GOOGLE_SEARCH_INDEXING_API = {
    'SCOPES' : [ "https://www.googleapis.com/auth/indexing" ],
    'ENDPOINT': "https://indexing.googleapis.com/v3/urlNotifications:publish",
    'KEYFILE': None
}

try:
    GOOGLE_SEARCH_INDEXING_API['KEYFILE'] = json.loads(os.environ['GOOGLE_SEARCH_INDEXING_API_KEYFILE'])
    ALL_CHANGED_POST_FILES = os.environ['ALL_CHANGED_POST_FILES'].split(' ')
    BASE_URL = os.environ['BLOG_BASE_URL']
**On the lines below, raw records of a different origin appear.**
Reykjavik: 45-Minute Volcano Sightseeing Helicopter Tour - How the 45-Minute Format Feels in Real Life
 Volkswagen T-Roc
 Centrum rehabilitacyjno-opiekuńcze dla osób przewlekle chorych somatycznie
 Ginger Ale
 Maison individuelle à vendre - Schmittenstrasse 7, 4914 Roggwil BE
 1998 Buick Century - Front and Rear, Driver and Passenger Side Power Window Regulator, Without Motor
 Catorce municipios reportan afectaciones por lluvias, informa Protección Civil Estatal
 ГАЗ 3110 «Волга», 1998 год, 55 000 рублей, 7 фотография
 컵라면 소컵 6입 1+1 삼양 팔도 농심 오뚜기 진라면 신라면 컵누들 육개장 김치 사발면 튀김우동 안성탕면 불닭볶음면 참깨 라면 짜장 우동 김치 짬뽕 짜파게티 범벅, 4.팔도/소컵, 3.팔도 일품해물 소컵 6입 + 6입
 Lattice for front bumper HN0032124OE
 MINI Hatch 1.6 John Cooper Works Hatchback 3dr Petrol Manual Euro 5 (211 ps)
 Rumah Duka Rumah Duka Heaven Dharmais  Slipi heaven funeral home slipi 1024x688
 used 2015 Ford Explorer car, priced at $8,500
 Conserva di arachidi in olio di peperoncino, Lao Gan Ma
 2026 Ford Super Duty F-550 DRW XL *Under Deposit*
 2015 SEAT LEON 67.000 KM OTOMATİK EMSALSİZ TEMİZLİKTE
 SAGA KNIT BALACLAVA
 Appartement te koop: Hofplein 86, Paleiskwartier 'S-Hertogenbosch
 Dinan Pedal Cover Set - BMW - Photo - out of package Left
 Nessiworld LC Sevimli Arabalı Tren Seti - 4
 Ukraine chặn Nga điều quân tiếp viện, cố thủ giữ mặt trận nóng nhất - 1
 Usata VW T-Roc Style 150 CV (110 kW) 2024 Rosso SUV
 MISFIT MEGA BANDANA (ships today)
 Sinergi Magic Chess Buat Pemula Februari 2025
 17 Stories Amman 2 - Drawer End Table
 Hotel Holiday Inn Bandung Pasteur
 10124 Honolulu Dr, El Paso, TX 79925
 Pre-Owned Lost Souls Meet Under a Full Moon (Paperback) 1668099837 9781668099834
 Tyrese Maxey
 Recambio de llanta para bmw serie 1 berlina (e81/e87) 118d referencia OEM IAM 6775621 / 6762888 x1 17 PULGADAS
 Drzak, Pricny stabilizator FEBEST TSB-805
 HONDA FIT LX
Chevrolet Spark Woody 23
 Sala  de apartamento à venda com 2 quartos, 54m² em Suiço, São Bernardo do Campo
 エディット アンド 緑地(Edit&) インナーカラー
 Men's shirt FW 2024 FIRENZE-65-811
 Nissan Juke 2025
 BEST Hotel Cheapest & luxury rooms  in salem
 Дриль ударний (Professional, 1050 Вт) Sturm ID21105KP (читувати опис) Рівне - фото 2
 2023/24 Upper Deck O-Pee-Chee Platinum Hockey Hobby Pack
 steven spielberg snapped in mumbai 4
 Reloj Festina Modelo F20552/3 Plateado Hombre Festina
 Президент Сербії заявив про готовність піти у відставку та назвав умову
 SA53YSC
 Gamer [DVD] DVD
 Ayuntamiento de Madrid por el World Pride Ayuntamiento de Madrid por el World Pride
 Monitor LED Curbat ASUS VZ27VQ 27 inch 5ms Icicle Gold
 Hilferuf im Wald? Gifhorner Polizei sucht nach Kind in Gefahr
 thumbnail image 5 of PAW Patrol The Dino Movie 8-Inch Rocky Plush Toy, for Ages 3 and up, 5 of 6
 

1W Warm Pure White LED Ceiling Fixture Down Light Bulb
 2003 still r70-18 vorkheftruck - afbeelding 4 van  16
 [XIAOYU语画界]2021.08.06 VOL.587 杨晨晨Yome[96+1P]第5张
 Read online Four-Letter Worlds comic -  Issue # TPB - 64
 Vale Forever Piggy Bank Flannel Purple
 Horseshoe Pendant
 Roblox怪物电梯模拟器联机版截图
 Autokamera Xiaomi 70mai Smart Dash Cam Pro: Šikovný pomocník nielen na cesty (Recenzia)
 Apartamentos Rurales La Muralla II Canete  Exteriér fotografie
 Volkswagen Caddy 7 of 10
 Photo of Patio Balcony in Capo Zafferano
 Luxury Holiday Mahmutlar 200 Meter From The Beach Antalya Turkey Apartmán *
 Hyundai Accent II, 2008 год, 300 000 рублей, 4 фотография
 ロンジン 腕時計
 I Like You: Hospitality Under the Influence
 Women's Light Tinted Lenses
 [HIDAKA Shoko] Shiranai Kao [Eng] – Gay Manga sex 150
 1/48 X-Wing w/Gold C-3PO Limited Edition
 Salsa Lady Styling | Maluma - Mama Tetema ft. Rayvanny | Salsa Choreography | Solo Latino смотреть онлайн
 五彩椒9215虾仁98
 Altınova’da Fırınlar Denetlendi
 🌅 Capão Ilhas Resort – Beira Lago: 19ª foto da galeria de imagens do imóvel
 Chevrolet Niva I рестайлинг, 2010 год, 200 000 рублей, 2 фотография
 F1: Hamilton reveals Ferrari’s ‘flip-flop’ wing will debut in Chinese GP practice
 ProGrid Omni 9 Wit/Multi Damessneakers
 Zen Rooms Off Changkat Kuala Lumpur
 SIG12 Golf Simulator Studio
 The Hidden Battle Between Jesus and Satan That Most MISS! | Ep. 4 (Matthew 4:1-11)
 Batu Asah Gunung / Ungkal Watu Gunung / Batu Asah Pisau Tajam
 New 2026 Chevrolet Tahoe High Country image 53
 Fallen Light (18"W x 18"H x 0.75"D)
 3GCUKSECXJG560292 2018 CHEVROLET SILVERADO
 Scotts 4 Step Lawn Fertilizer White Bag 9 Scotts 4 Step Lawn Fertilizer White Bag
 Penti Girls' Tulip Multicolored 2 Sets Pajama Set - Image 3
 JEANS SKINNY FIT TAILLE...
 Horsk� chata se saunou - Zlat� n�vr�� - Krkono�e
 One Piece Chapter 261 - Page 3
    # Drop trailing slash if any
    if BASE_URL[-1] == '/':
        BASE_URL = BASE_URL[:-1]

except:
    print(f'Some required env vars were not resolved 👿')
    exit(1)

# '_posts/2022-03-20-hello-world.md' => '2022/03/20/hello-world.html'
def postFilePathToUrlPath(s: str):
    return (s.replace('_posts/', '')
            .replace('-', '/', 3)
            .replace('.md', '.html'))

credentials = ServiceAccountCredentials.from_json_keyfile_dict(GOOGLE_SEARCH_INDEXING_API['KEYFILE'], scopes=GOOGLE_SEARCH_INDEXING_API['SCOPES'])
http = credentials.authorize(httplib2.Http())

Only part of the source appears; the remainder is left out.